Sempre con Marc attaccato come il guscio di una chiocciola, David arrancò per il pub tra gli sguardi sbigottiti dei clienti, e uscì dalla porta sul retro, salutato da una ventata di aria fresca che lo riportò letteralmente in vita. Tony Mascia gli aprì lo sportello posteriore della limousine, e David, staccatosi Marc dalle costole, ce lo lanciò dentro senza troppi complimenti, e poi salì anche lui.
«All’hotel, Tony», sospirò, per poi dedicarsi a quella catastrofe nero chiomata: Marc non si era mosso da come David l’aveva buttato sul sedile, e aveva tutto l’aspetto di un ragno spiaccicato; cercò di farlo sistemare più comodamente, visto che apparentemente il ragazzo non era più padrone dei propri muscoli: se ne stava con gli occhi chiusi e la bocca aperta, da cui uscivano rantoli che dovevano essere respiri. Se David non avesse conosciuto più che bene quei sintomi, si sarebbe spaventato a morte.
 
Il Duca ringraziò il cielo diverse volte per avergli dato Tony come autista, perché arrivati all’albergo dovettero prendere su di peso Marc, che nel frattempo aveva perso i sensi, e trasportarlo fino alla camera di David, il quale aveva previdentemente preso una doppia.
Buttarono Marc sul letto, poi Tony si congedò, e David si appoggiò alla porta lasciandosi scivolare a terra, completamente esausto. Accaldato, si liberò di gran parte dei vestiti e si sdraiò accanto a Marc, che non dava segni di ripresa.
“Che possa dormire come un sasso fino a domani mattina”, pensò, anche se in cuor suo aveva un brutto presentimento. Mentre lo fissava mandandogli messaggi telepatici di ogni genere, ripensò a una canzone che aveva scritto diversi anni addietro, e che si affacciò nella sua mente in modo piuttosto buffo. David sorrise tra sé, poi si alzò e si diresse verso i bagagli ancora intatti, visto che comunque aveva intenzione di partire la mattina seguente. Tirò fuori la chitarra dal fodero e si rimise a sedere sul letto, sicuro che Marc non si sarebbe svegliato neanche per le trombe dell’Apocalisse.
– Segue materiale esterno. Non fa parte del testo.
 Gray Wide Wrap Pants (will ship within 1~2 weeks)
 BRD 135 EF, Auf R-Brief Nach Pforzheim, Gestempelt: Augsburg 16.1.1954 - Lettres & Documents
Iniziò a cantare non con il tono che usava abitualmente per quella canzone, ma con la sua tonalità naturale da baritono, rendendo quella canzone più simile ad un requiem che a una ballata.
 
People stared at the makeup on his face
Laughed at his long black hair, his animal grace
The boy in the bright blue jeans
Jumped up on the stage
And Lady Stardust sang his songs
Of darkness and disgrace

And he was alright, the band was altogether
Yes he was alright, the song went on forever
And he was awful nice
Really quite out of sight
And he sang all night long

Femme fatales emerged from shadows
To watch this creature fair
Boys stood upon their chairs
To make their point of view
I smiled sadly for a love I could not obey
Lady Stardust sang his songs
Of darkness and dismay

And he was alright, the band was altogether
Yes he was alright, the song went on forever
And he was awful nice
Really quite paradise
And he sang all night long

Oh how I sighed
When they asked if I knew his name

 
Non si era mai accorto prima di quanto fosse vera quella canzone: sì, l’aveva scritta avendo sempre in mente Marc, ma solo ora si accorgeva di quanto fosse stata profetica.
Mise via la chitarra sotto il letto, rivolse un ultimo sguardo intenso a Marc, poi spense la luce e in breve si addormentò.